### The task
When the line containing "ATE 13.0460-0132.2 - Kit" appears in the entries below, begin printing there and stop after the line containing "Barhocker HLO-CP247 Samt chrom ~ creme"; print each of those lines exactly and no other line.

### Data for the task
━━━━

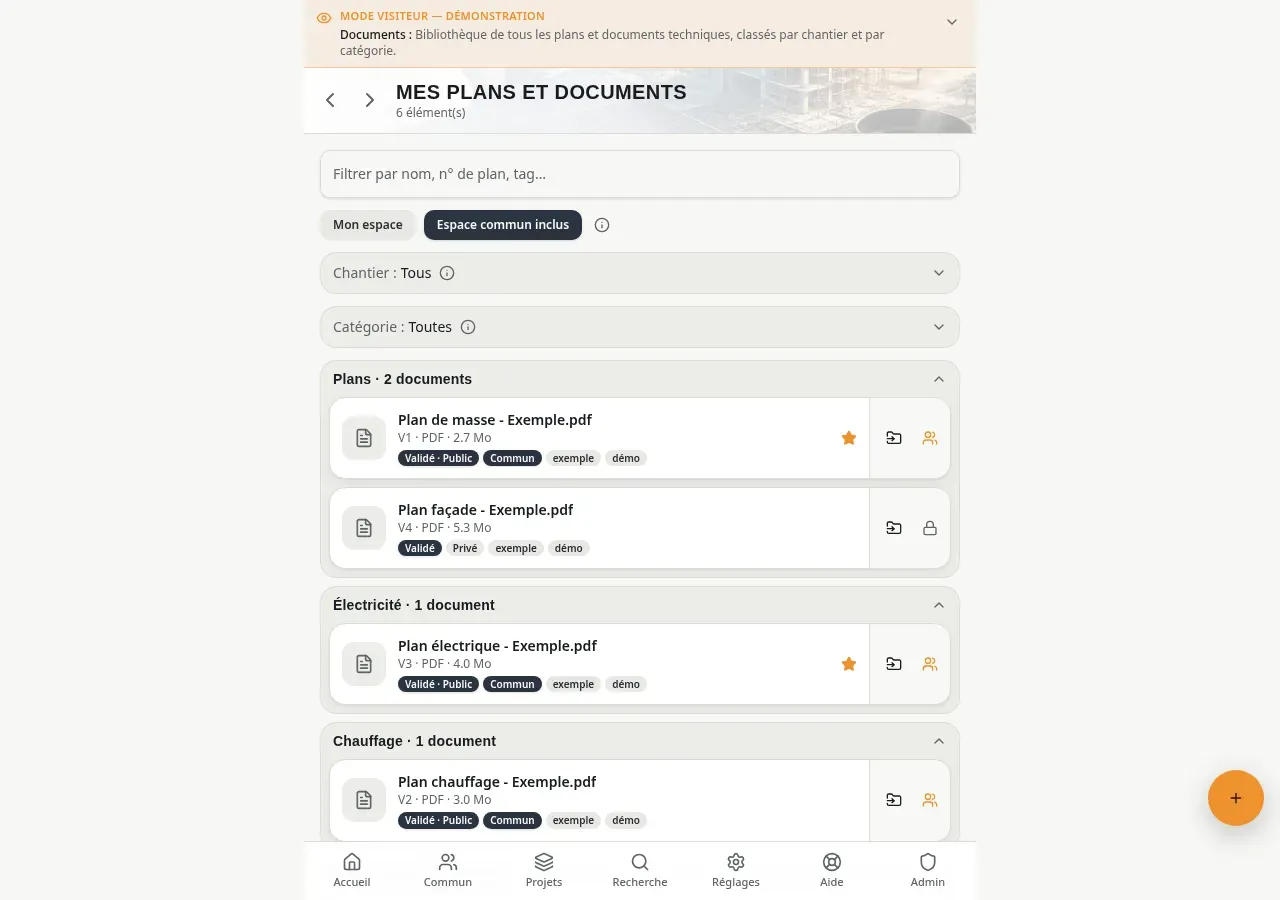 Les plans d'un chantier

━━━━

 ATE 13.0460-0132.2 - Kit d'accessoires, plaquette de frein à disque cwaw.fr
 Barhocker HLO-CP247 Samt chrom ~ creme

━━━━

### Result for this task
 ATE 13.0460-0132.2 - Kit d'accessoires, plaquette de frein à disque cwaw.fr
 Barhocker HLO-CP247 Samt chrom ~ creme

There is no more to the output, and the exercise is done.